SUPPLIED INFORMATION:
______
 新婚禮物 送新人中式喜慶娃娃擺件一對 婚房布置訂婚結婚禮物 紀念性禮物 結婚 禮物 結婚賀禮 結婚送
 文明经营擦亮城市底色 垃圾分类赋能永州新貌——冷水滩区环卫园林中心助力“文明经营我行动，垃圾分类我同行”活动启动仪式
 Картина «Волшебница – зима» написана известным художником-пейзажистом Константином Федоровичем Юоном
______
Could the data above be set down exactly, in full?

 新婚禮物 送新人中式喜慶娃娃擺件一對 婚房布置訂婚結婚禮物 紀念性禮物 結婚 禮物 結婚賀禮 結婚送
 文明经营擦亮城市底色 垃圾分类赋能永州新貌——冷水滩区环卫园林中心助力“文明经营我行动，垃圾分类我同行”活动启动仪式
 Картина «Волшебница – зима» написана известным художником-пейзажистом Константином Федоровичем Юоном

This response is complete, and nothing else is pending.